**What is needed:**
Restate the following data in its entirety, word for word and without images.

**Dataset excerpt:**
>>>>

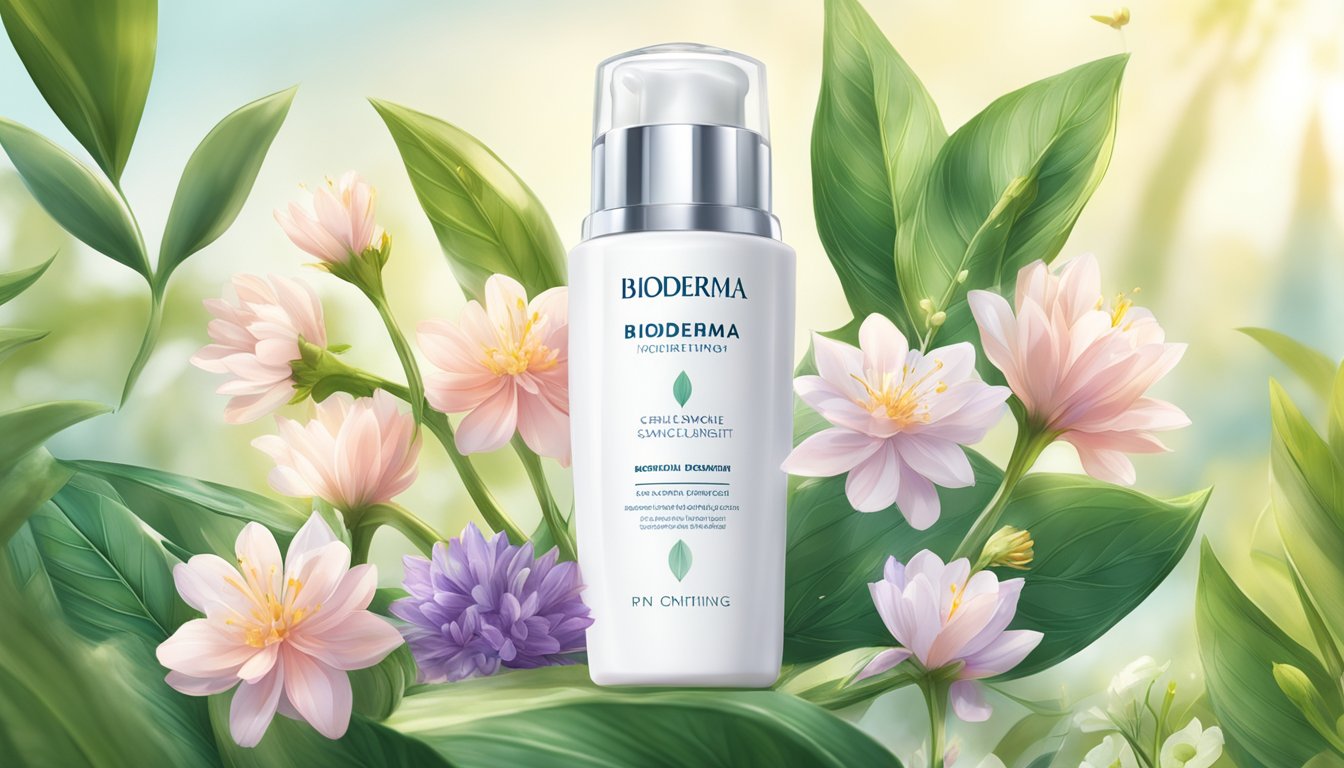 A bottle of Bioderma skincare products surrounded by natural elements like flowers and leaves, with a gentle sunlight shining on the scene
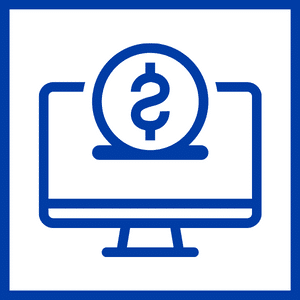 Purchasing Group Icon (computer screen with coin)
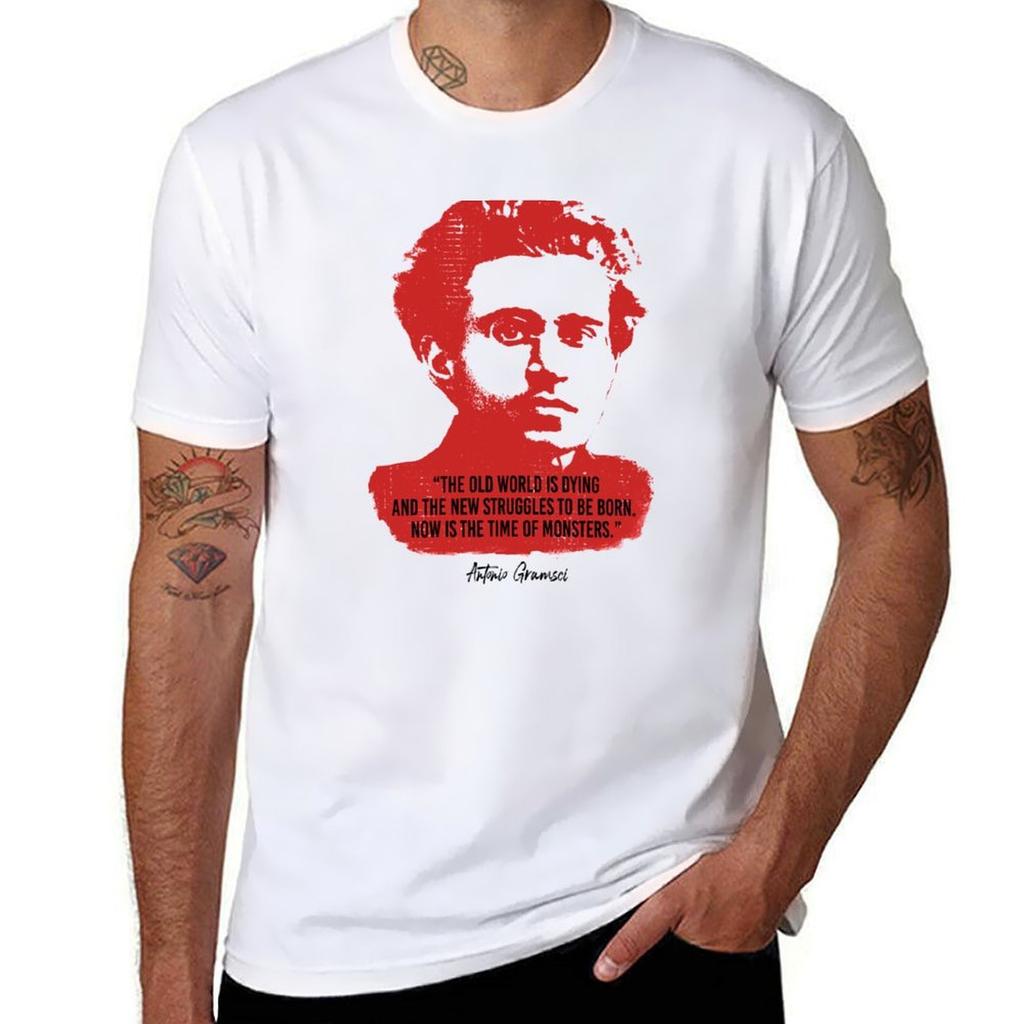 Antonio Gramsci Zitat (Abgenutztes Design) T-Shirt T-Shirts mit Aufdrucken Herren T-Shirt Designer T-Shirt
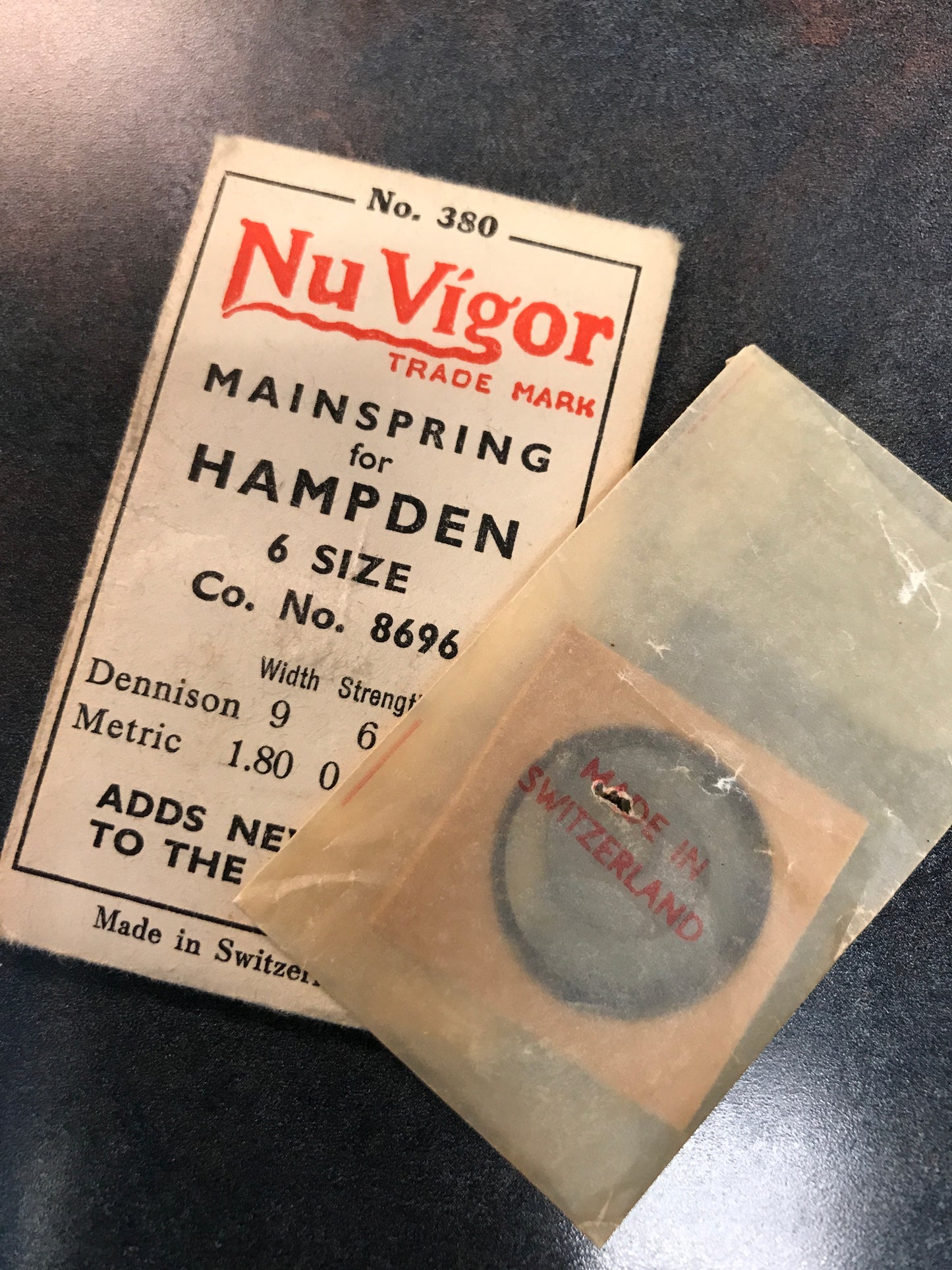 NuVigor Mainspring #380 for 6s Hampden Factory No. 8696 - Steel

<<<<

**Response for this exercise:**
 A bottle of Bioderma skincare products surrounded by natural elements like flowers and leaves, with a gentle sunlight shining on the scene
 Purchasing Group Icon (computer screen with coin)
 Antonio Gramsci Zitat (Abgenutztes Design) T-Shirt T-Shirts mit Aufdrucken Herren T-Shirt Designer T-Shirt
 NuVigor Mainspring #380 for 6s Hampden Factory No. 8696 - Steel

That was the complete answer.